Ravel était un homme soigneux, ou peut être pire que soigneux : un maniaque vestimentaire. Ses chemises étaient toujours choisies avec soin, tout comme ses cravates et ses chaussettes. Lors d’un concert à Chicago en 1928, il refusa de monter sur scène car ses chaussures vernies manquaient à sa tenue de concert. La soliste alla donc chercher ces fameuses chaussures restées dans la valise du compositeur et le concert démarra enfin (avec une demi-heure de retard).
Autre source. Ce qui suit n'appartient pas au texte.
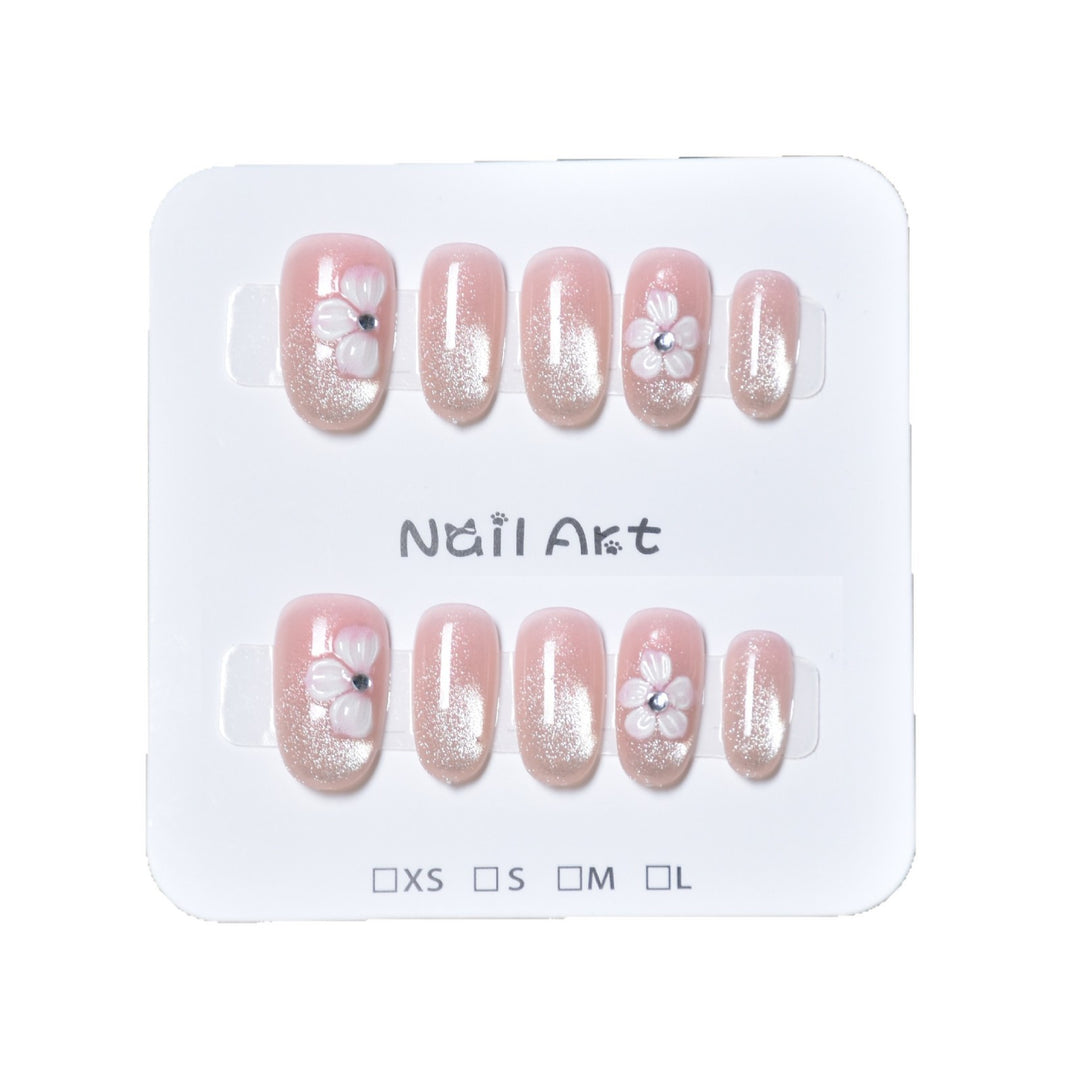 Decorative Press-On Nail Extensions with Floral Design Kalsten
Pourquoi cette introduction ? Cette anecdote a-t-elle un intérêt ? Gardons-la tout au moins en tête.
Le projet de Leonard Slatkin d’enregistrer l’Enfant et Ma Mère l’Oye s’inscrit dans ce qui semble se profiler comme une intégrale de la musique pour orchestre du compositeur chez Naxos. En effet, deux enregistrements sont déjà parus sous ce label. Les deux opus se combinent bien et mettent tant l’orchestre que les voix en valeur. Chaussons donc nos plus beaux souliers et lançons-nous dans une première écoute.
Dans un compte-rendu de ce diptyque, il est tout à fait naturel de commencer par le personnage principal de la musique de Ravel, à savoir l’orchestre. Slatkin offre une lecture transparente et savamment dosée de l’Enfant, où les détails d’orchestration, d’instrumentation et de coloration à travers les timbres sont habilement mis en valeur, notamment grâce à une remarquable prise de son. L’interprétation de l’Orchestre national de Lyon est pure et homogène, tout en gardant ce côté décontracté et naturel caractéristique de l’écriture orchestrale de Ravel. Mais c’est peut-être par cette volonté de clarté que l’on reste (un tout petit peu) sur sa faim. De temps à autre, on souhaiterait un peu plus de liberté et de lyrisme (la scène de la Princesse) ou de souplesse et de respiration (la Danse des Rainettes ou le chœur final).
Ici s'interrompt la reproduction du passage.